The conventional 100W power amplifier, either tube-based or solid-state, would put out a peak voltage swing of 40V, so the tweeter would see only 1.428Vpk, while the electrostatic panels would see 1,120Vpk swings. The great advantage the ribbon offers is that it is a non-inductive design, so at high-frequencies its impedance is flat. At lower frequencies, the electrostatic panels present a high impedance, so the power amplifier would be largely unloaded, which might complicate the crossover design.

The more I think about it, I believe that the electrostatic panel's capacitance could simply be part of the crossover—if the crossover were the series type. Let's start with conventional dynamic loudspeaker drivers in a two-way system.

At high-frequencies, the crossover capacitor shunts the woofer and the inductor un-shunts the tweeter. At low-frequencies, the crossover capacitor un-shunts the woofer and the inductor shunts the tweeter. At all frequencies, the current takes the path of least resistance. Now, let's replace the woofer with a large electrostatic panel of high capacitance, say, 10,000pF worth, which is crazy high.

The step-up transformer will reflect the capacitance at its primary, increasing its capacitance by the winding ratio squared. For example, a 10,000pF capacitance would reflect as a 7.84µF capacitor, which against an 8-ohm tweeter equals a crossover frequency of 2,540 Hz. The added 8-ohm power resistor completes the series crossover. Would this work? Perhaps, not as well as I would like, as the electrostatic bass panel would still see big voltage swings at high-frequencies. The workaround might be to use an actual capacitor in the crossover, with the electrostatic panel's capacitance supplementing it, not replacing it altogether. Let's use a more realistic panel capacitance of 3,000pF.

Here is the impedance of a 3,000pF (3nF) capacitor against frequency.

At 20Hz, the impedance is over 2.6M, but at 20kHz it falls to 2,650 ohms. This is not the impedance that the power amplifier will have to drive, as we must include the step-up transformer. With a a winding ratio of 1:28, the impedance ratio equals 28² or 1:784. In other words, we must divide the impedance by 784.

Now, at 20kHz the load impedance falls to 5.975 ohms. Now let's replace the dome tweeter with a ribbon and its step-down transformer.

The large-valued capacitor shunts the step-up transformer's primary, so its secondary cannot experience the big voltage swings at high-frequencies. The resistor loads the amplifier at low frequencies, as the electrostatic panel's impedance is very high at those frequencies. At DC, the two transformer DCRs in series make up the load resistance. This potentially low resistance makes DC offsets from the power amplifier particularly dangerous.

Long ago, Mark Levinson stacked two Quad electrostatic loudspeakers vertically, with a Decca ribbon tweeter in between. His HQD loudspeakers were augmented by active 24-inch subwoofers.

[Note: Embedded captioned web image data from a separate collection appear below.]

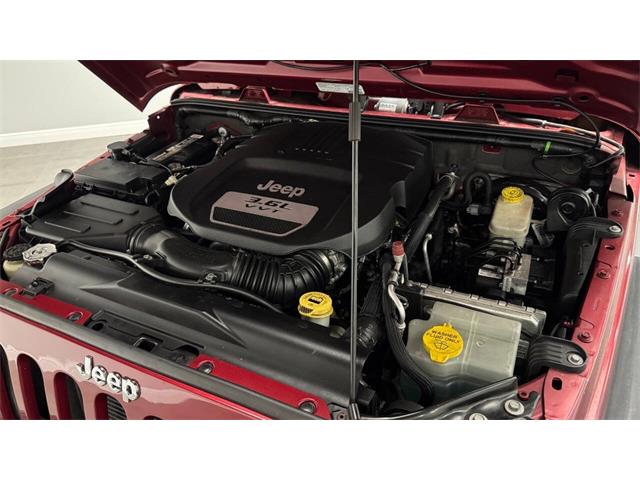2013 Jeep Wrangler (CC-2082889) for sale in Clearwater, Florida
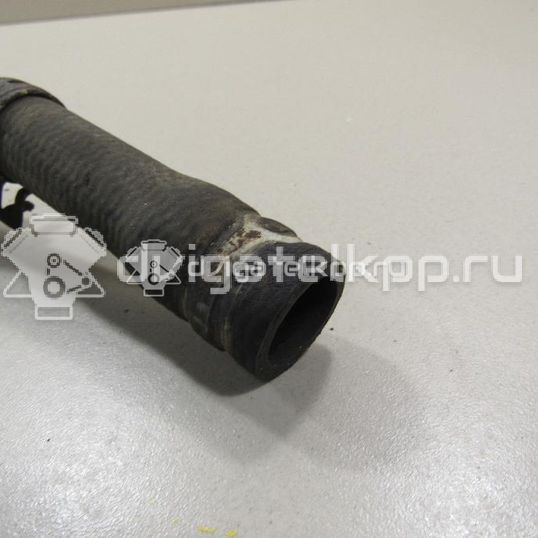 Фото Патрубок отопителя  6464TS для Peugeot 206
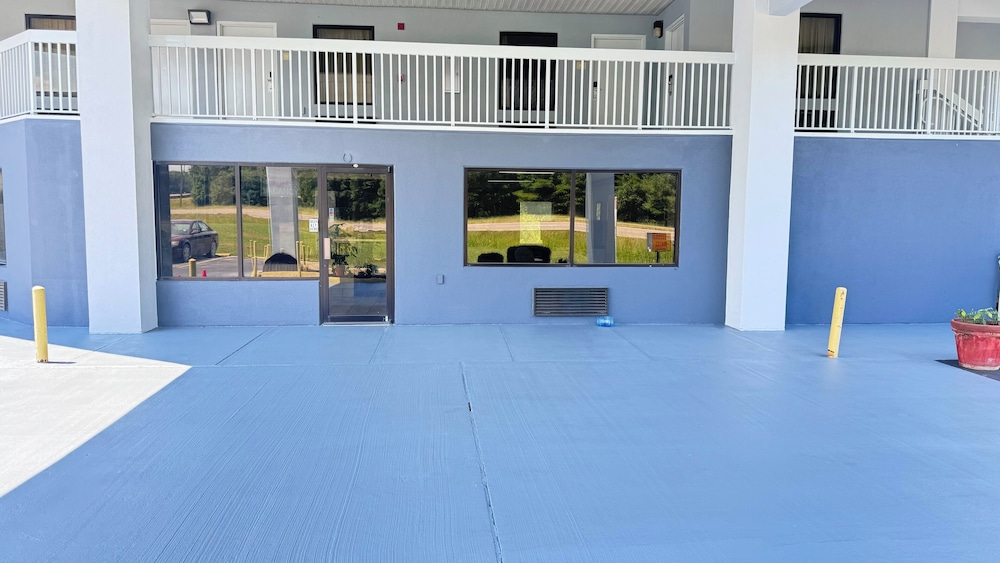 Westen Motel - photo 19
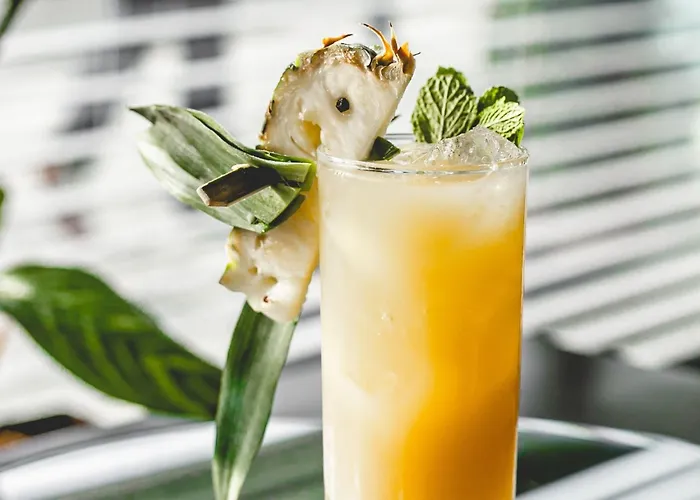 Crowne Plaza Dublin By Ihg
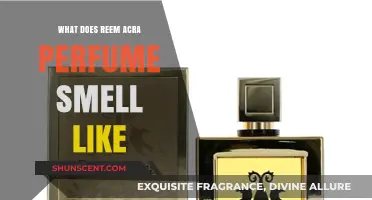 The Alluring Scent of Reem Acra's Perfume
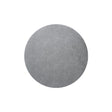 Chef Inox Pizza Brd Rnd Melamine 310Mm Light Grey Slate
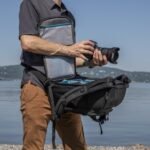 Tenba Axis V2 24L Backpack (Black) - Image 11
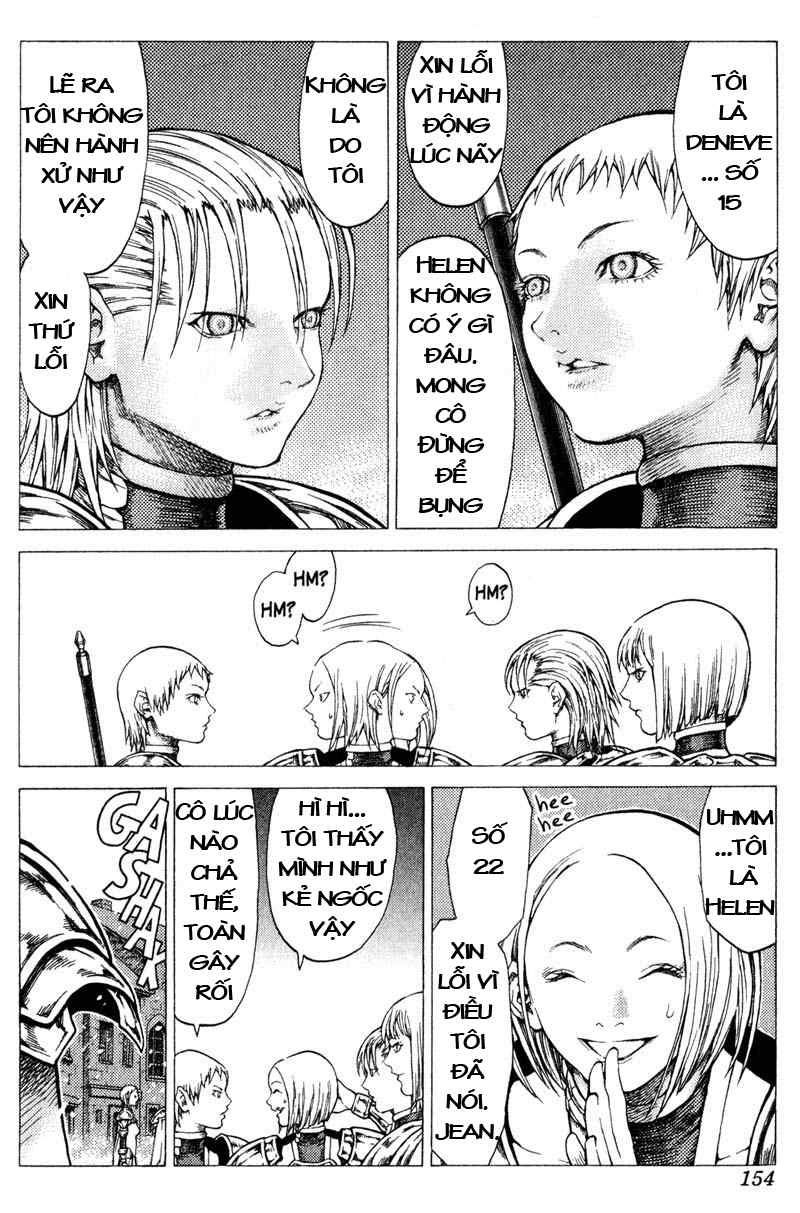 Mắt Bạc Chapter 50 - Trang 2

I heard the speakers once and I was stunned by the great sound. Today, I would love to hear a tall hybrid loudspeaker with a five-foot long vertical ribbon tweeter next to an electrostatic midrange panel and a larger electrostatic bass panel (augmented by active subwoofers). Think Magnepan 20.7 speakers with electrostatic panels.

The complaint I imagine that many will make is that the two transformers are the weak links, the very weak links. Is this so? Starting with the electrostatic step-up transformer, if you followed my last post's recommendation that you check out Jazzman's DIY Electrostatic Loudspeaker Page, you will notice that Jazzman uses two 50VA 230V/two-6V toroidal transformers run backwards to step up the voltage leaving the power amplifier; these are power supply transformers, not tube audio output transformers. Long ago, I made many test of such toroid transformers and I was surprised by well they worked as audio transformers, at least with low frequencies, say up to 6kHz. Today, the performance might be greatly improved due to improved production techniques. Well, if we limited the electrostatic panel to 2,500Hz, then the toroidal power supply transformers would have a greatly truncated bandwidth to cover.

What about the step-down transformer for the long ribbon tweeter? The ideal situation for an audio transformer is a dead short for a load, just the opposite of what most pleases an output coupling capacitor. A ribbon with a DCR of only 0.01 ohms comes close to being a dead short, so very little inductance is needed. In fact, less than 1µH of inductance is needed to ensure bandwidth down to 2,500Hz with a 0.01-ohm load resistance. Not Henries, but micro Henries. Indeed, even with an 8-ohm load, only 0.5mH is needed.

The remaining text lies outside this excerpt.